Article

Fraternity Freedom

June 1954
Article
Fraternity Freedom
June 1954

THE Trustees at their spring meeting also accepted and approved the recommendation of Dartmouth undergraduates, as expressed in their March referendum, that fraternities at the College must within six years rid themselves of nationally imposed membership restrictions based on race, religion or national origin. Any Dartmouth fraternity chapter that has not eliminated discriminatory membership clauses by 1960 will be barred from all fraternity activities, including rushing — in other words, will be through.

In the campus-wide referendum conducted by the Undergraduate Council the students, by 90 per cent of the votes cast, backed the principle of removing fraternity discrimination. This stand by the students was expressed in 1,128 votes cast for the i960 deadline and 848 votes cast for a second possibility, that of continuing the present effort to remove the clauses without a deadline but with a yearly judgment by the Undergraduate Council of each chapter's progress.

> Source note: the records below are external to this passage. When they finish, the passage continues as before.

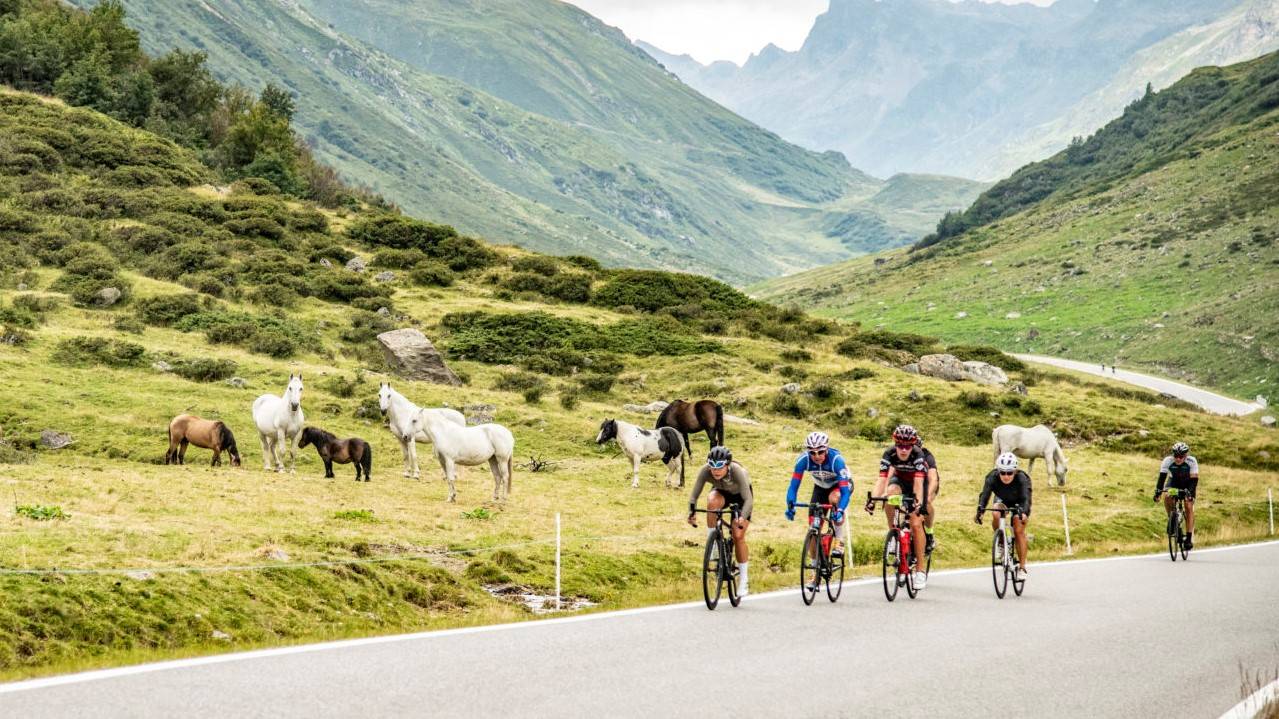Arlberg Giro 2022 - packender Radsport vor traumhafter Kulisse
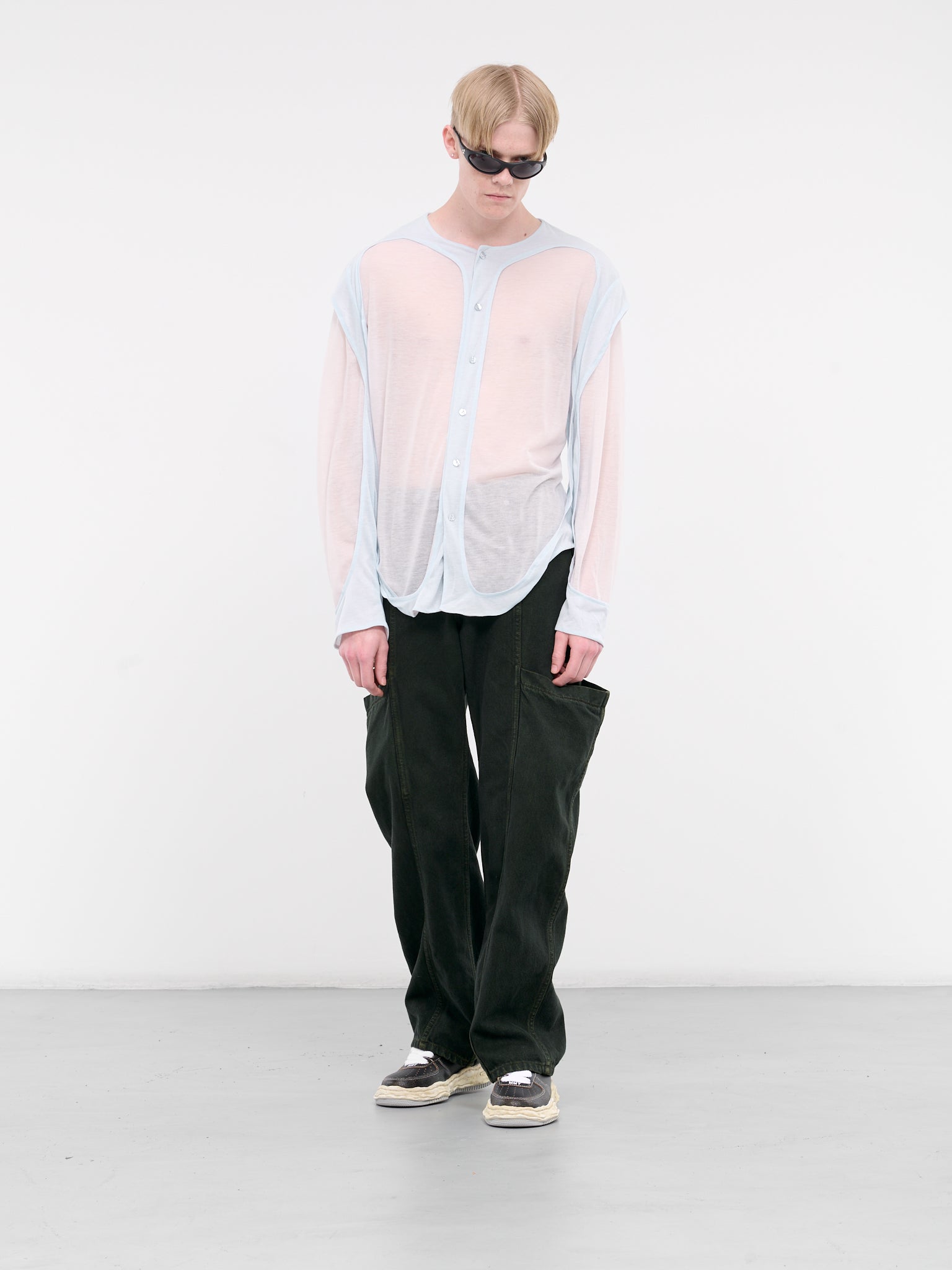 Long Sleeve Shirt (9030-EL-WATERFALL)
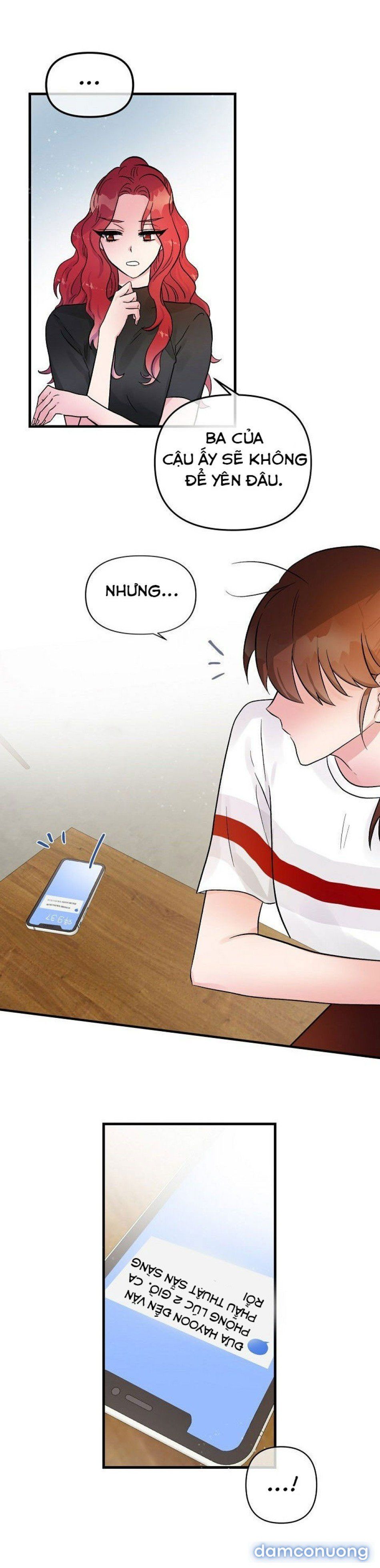 đọc truyện Ranh Giới Bạn Thân Chương 16 ảnh 18 tại Thiên Thai Truyện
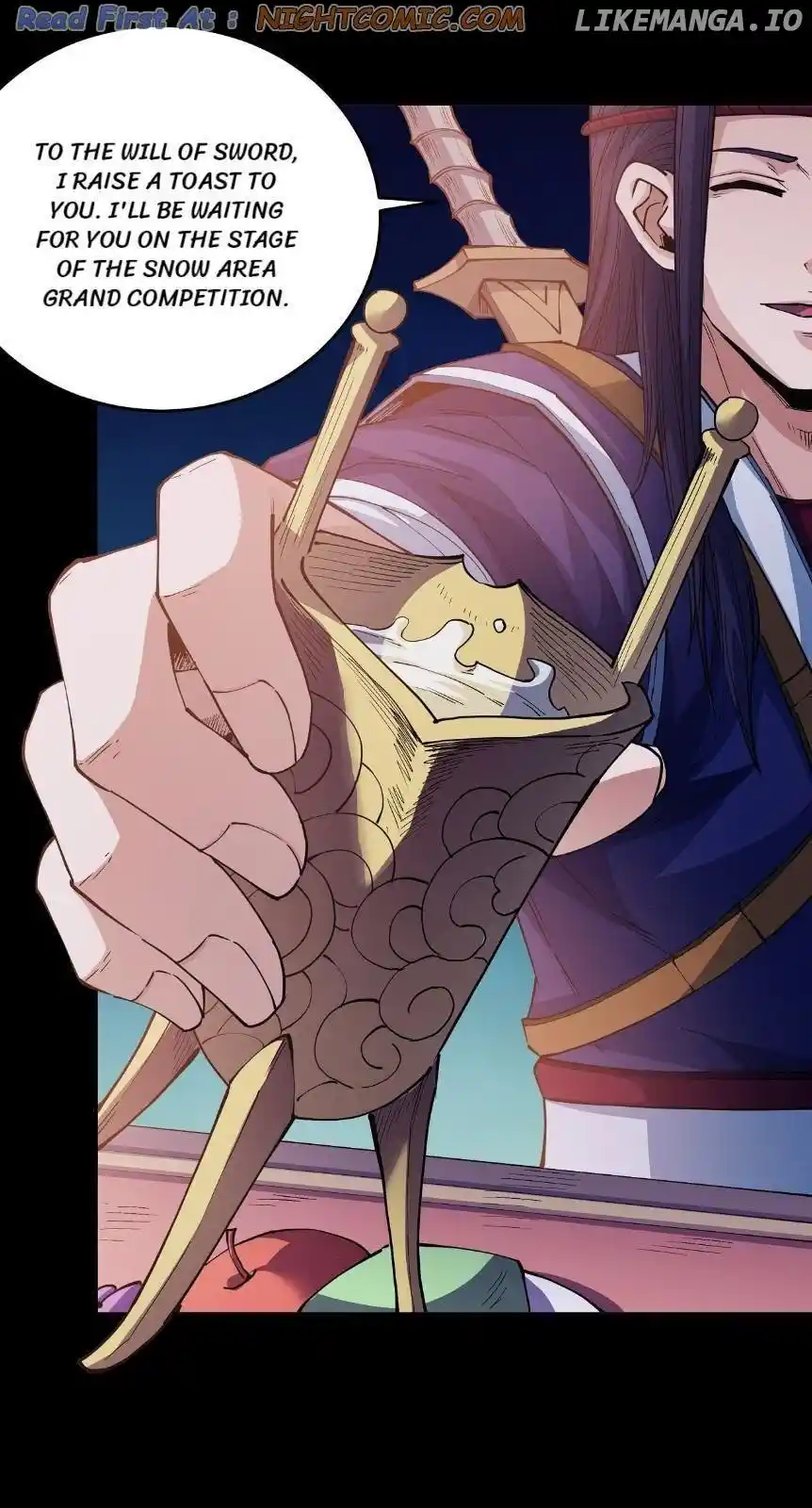 Soul Land Chapter 347.2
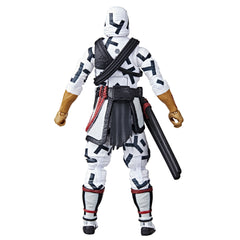 GI Joe Classified Series Storm Shadow 6-Inch Action Figure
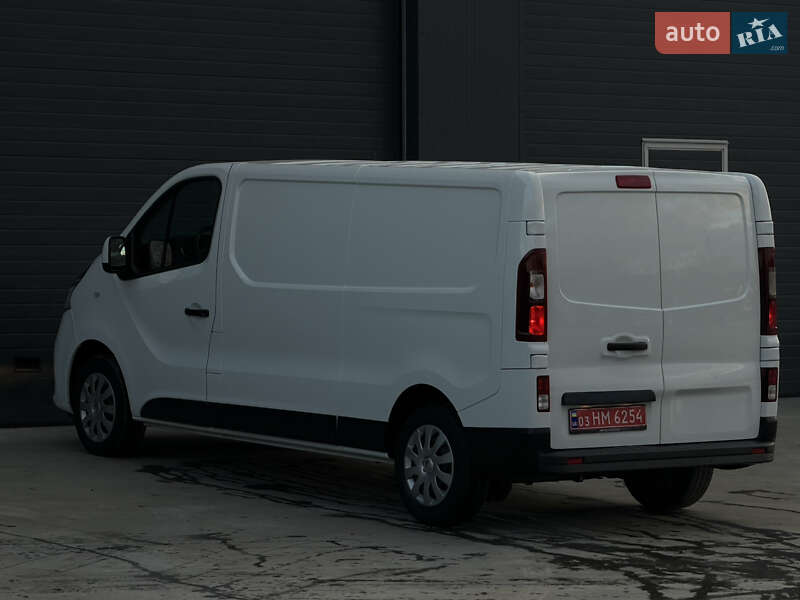 Грузовой фургон Renault Trafic 2020 в Дубно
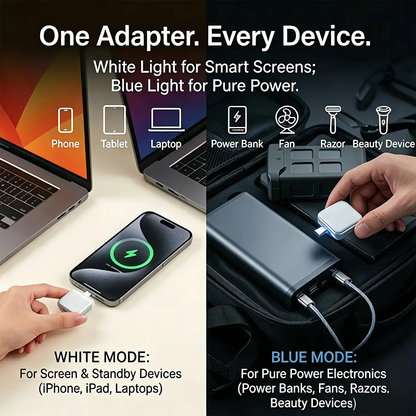 ⚡️Flash Sale｜140W Physical-Disconnect Battery Guard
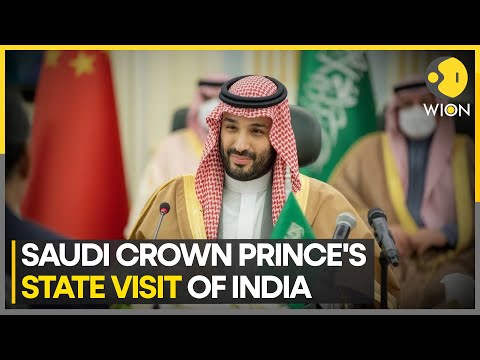 Saudi Crown Prince Mohammed bin Salman to arrive on state visit soon after G20 Summit in India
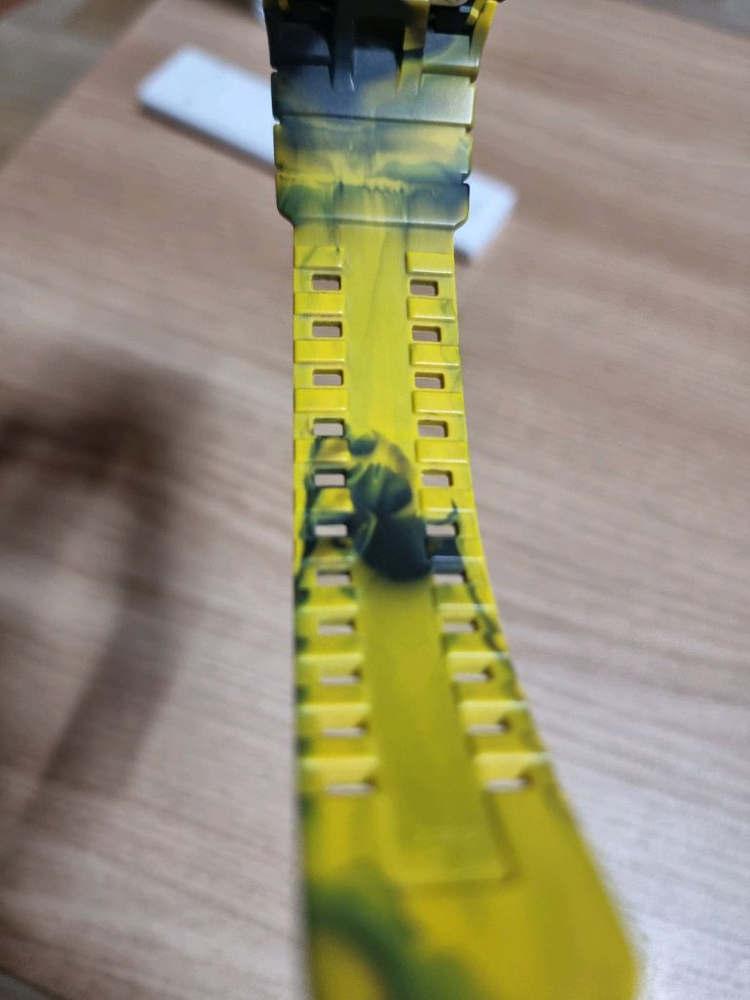 카시오 지샥 G-5500JC-9 잼인 컬러(Jamin Color) 이미지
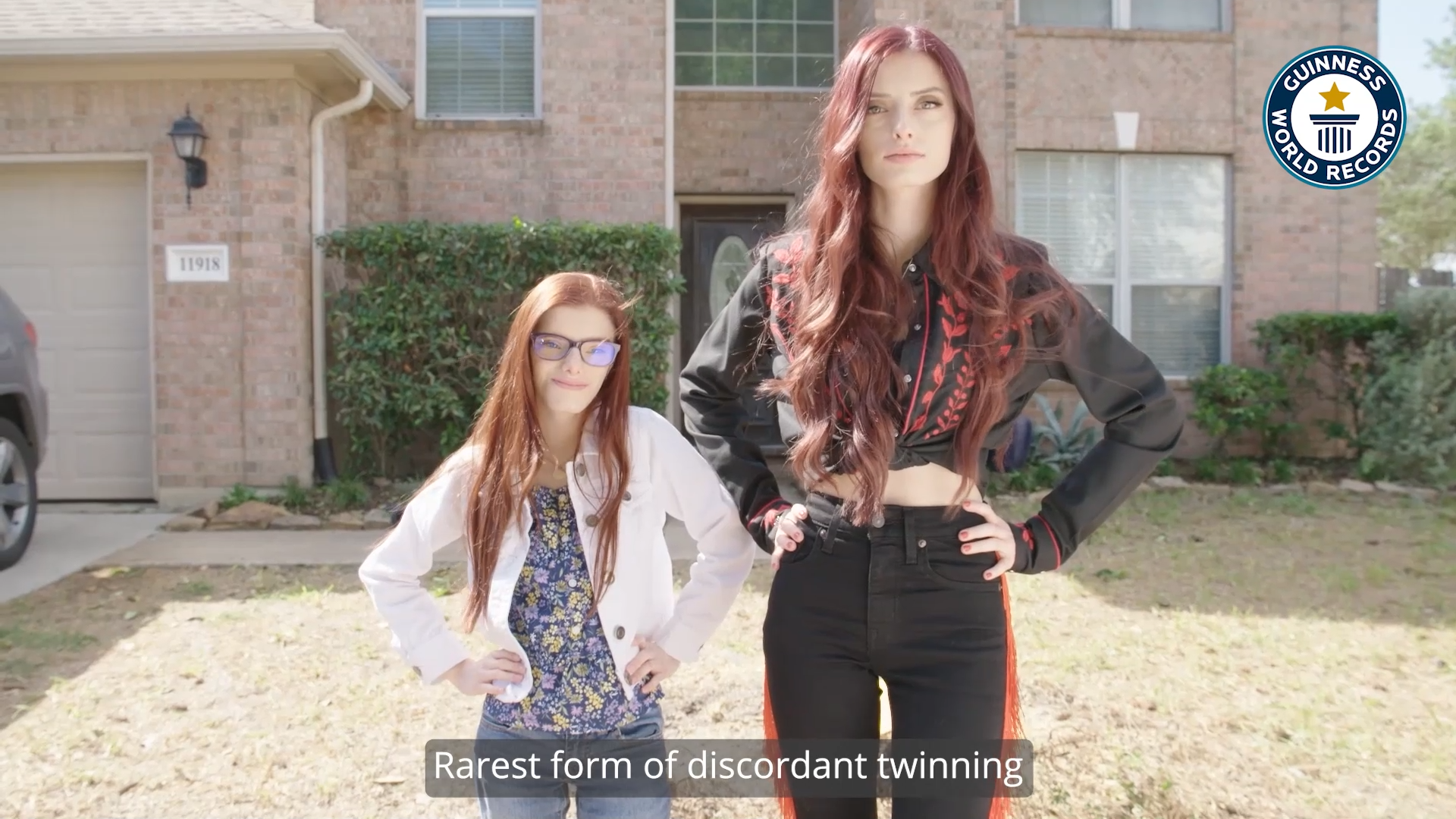 'Video thumbnail for Sienna and Sierra, A Tale of Twin Sisters with Unique Journeys'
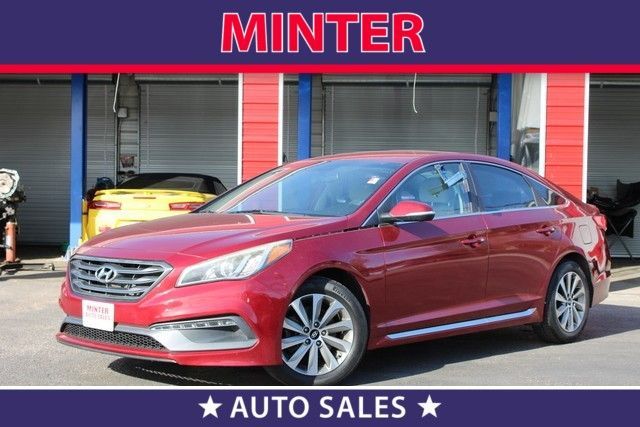 Used 2016 Hyundai Sonata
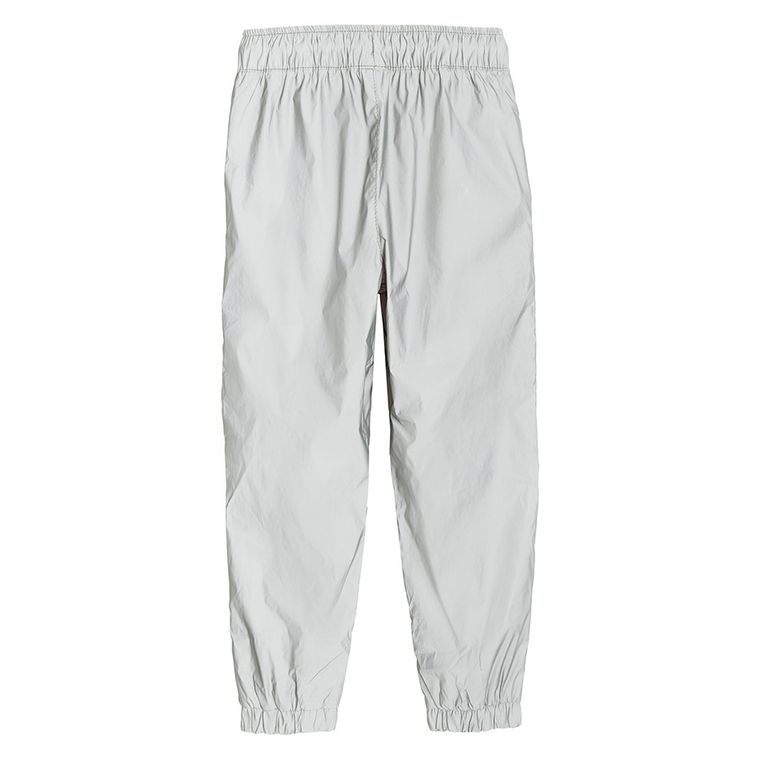 Cool Club, Pantaloni din material textil pentru baieti, reflectorizant, argintiu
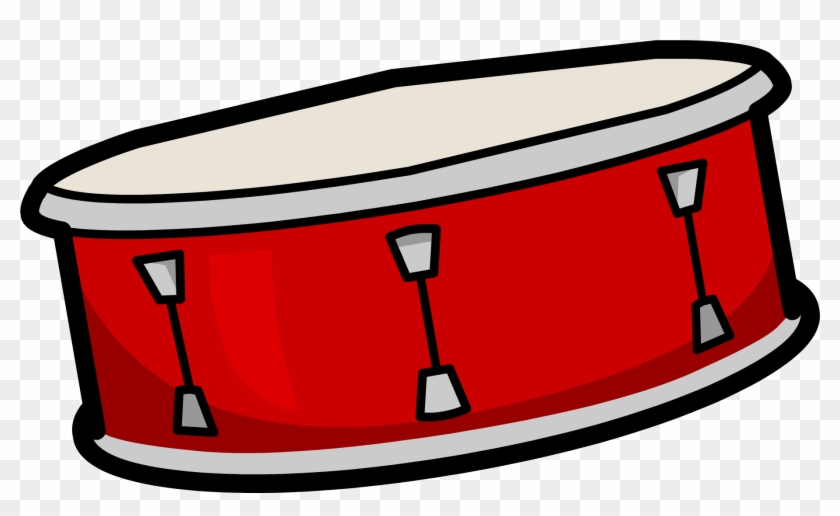 Png Free Stock Clipart Club Penguin Free On Dumielauxepices - Clipart Snare Drum Transparent Png #1488855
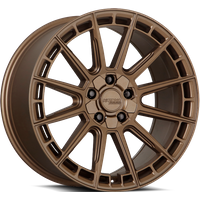 Katana Racing KR11 Matte Bronze Wheel - 17x7.5 - 5x100 - 40 Offset
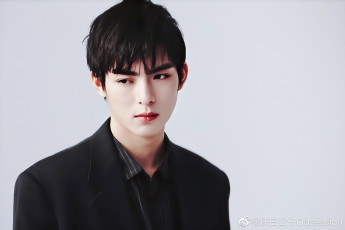 Картинка мужчины wang+hao+xuan ван хаосюань wang hao xuan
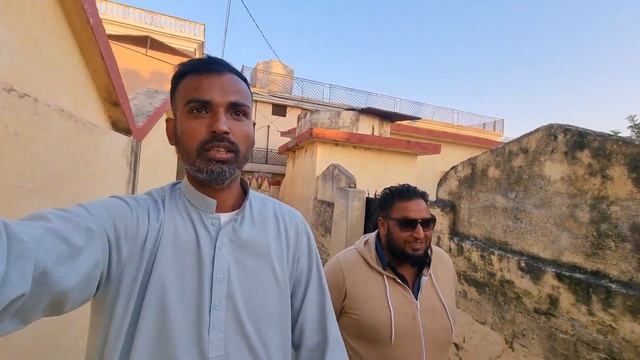 First Bungalow Of The Village || Uk People Bungalow And Desi People Village || Gurah Taruta Dadyal смотреть онлайн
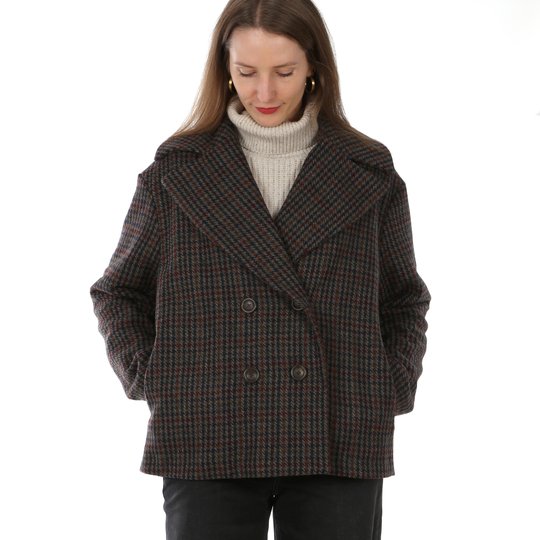 Kurzmantel FRAU LAURA | eBook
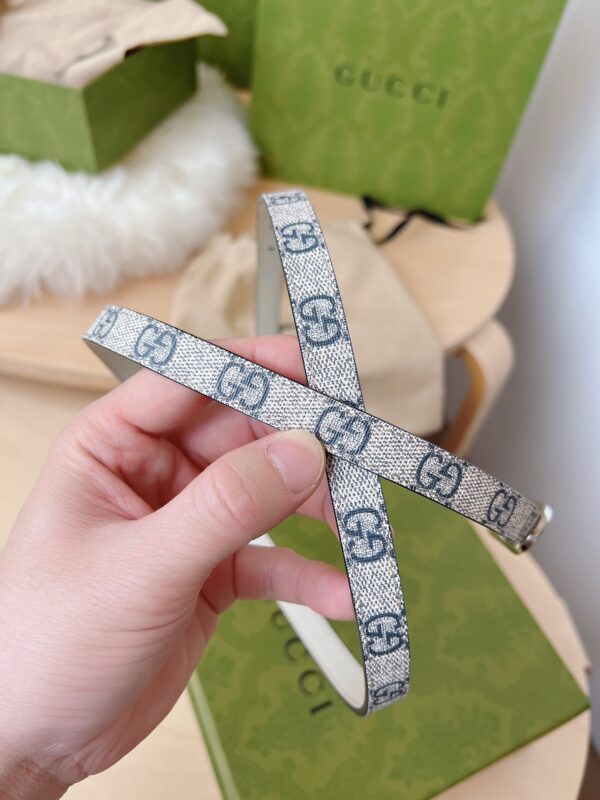 GUCCI BELT - Image 4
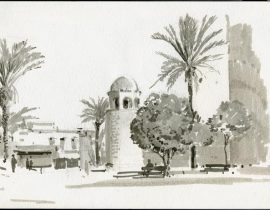 Sousse mosque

The referendum's third option, that of halting all efforts to eliminate discrimination, received only 278 of the 2,248 votes cast.

For four years, under the second option, Dartmouth undergraduates have made some progress in ridding Dartmouth fraternities of discriminatory clauses. In this period one chapter disaffiliated from its national organization and went local and another chapter succeeded in dropping the offending clauses without severing its national ties. Most students agreed with the Undergraduate Council that progress was too slow, and the i960 deadline, with Trustee action giving it teeth, now controls which Dartmouth undergraduates have shown nationally recognized leadership.

One letter from an alumnus to the ALUMNI MAGAZINE mistakenly protests against depriving students of the right to have fraternity brothers of their own choice. The banning of discriminatory clauses does not remove this right or the College's recognition of it. The action taken by the Trustees simply guarantees that fraternity men at Dartmouth shall have complete freedom to choose their chapter brothers and shall not be controlled by arbitrary and discriminatory restrictions from outside the College.